The customer asked for the status here. Feedback from the customer: The UMC has become almost unusable since this bug, especially because you always have to click away the traceback 3-4 times before you have the possibility to log out and log in again. And it seems to occur in the @School modules as well. I raised the pain!
(In reply to Christina Scheinig from comment #2) > Happend again. > The error occurs during access of Domaine --> DNS. hmm, what happened again? We need exact details if something happens in customer enviroments. The general problem was fixed by Bug #56336. (In reply to Christina Scheinig from comment #3) > The customer asked for the status here. I am in vacation until end of August. Nothing is prepared here. > Feedback from the customer: The UMC > has become almost unusable since this bug, especially because you always > have to click away the traceback 3-4 times before you have the possibility > to log out and log in again. And it seems to occur in the @School modules as > well. which traceback? why is a re-login necessary? why is UMC not usable anymore? how often does it happen? can you reliably reproduce it? which exact UCS@school modules cause this?
In the specific session, the customer was logged into the UMC for about 2 minutes before the error message appeared. As you can see, first of all, the message can only be removed with multiple "close" prompts and only logging out and logging back in helps to be able to work again.
A workaround should exist, i.e. downgrade to the old UMC. It is described here: https://help.univention.com/t/21661
(In reply to Erik Damrose from comment #7) > A workaround should exist, i.e. downgrade to the old UMC. It is described > here: https://help.univention.com/t/21661 This should not be necessary. Maybe it's easier to go back to the original UMC version from UCS 5.0-4 without errata updates.
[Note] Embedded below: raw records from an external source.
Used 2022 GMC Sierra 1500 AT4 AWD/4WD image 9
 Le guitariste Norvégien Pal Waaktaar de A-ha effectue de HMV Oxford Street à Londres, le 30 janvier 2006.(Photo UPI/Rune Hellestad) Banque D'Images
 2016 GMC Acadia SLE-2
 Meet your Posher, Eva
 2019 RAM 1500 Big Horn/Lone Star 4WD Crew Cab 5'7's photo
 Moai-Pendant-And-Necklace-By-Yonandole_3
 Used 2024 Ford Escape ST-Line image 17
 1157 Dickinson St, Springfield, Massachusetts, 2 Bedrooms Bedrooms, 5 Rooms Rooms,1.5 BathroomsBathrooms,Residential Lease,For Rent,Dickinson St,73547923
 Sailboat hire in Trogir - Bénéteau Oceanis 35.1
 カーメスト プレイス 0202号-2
MR: https://git.knut.univention.de/univention/ucs/-/merge_requests/873
Bug #56336 actually made it worse as it caused Bug #56336 comment 3 exceptions not only on aborted requests but instead of timed out sessions. So UMC could get unusable after an amount of time in certain conditions (same file descriptor number was assigned for the new socket). Instead of closing the socket connection (which causes a bug in tornado) in the UMC-server to the module process now, we don't close the connection anymore but sending a HTTP request alogn with a request-ID to the moduleprocess which has a new "/cancel" endpoint. The "/cancel" endpoint picks the original request and abort it there, so that it is responded with any response. We don't care about that response as the real client already closed the connection and will never receive the answer. Then the module processes aren't blocked anymore to shutdown if no other active requests (meanwhile) exists. Additionally we don't end the module process if there are still working threads invoked by univention.mangement.console.modules.decorators.SimpleThread. univention-management-console.yaml a062d8b339ae | chore(umc): adjust advisory univention-management-console-server.yaml a062d8b339ae | chore(umc): adjust advisory 9044299c48c2 | fix(UMC): properly cancel aborted requests univention-management-console (12.0.31-12) 9044299c48c2 | fix(UMC): properly cancel aborted requests
OK: code review OK: no connections from UMC-server to module processes are aborted manually anymore. Therefore the exceptions cannot happen anymore. OK: a cancel request is send to the module process when the connection breaks up, which then causes that the request is responded OK: active threads prevent module shutdown OK: advisory description
<https://errata.software-univention.de/#/?erratum=5.0x792>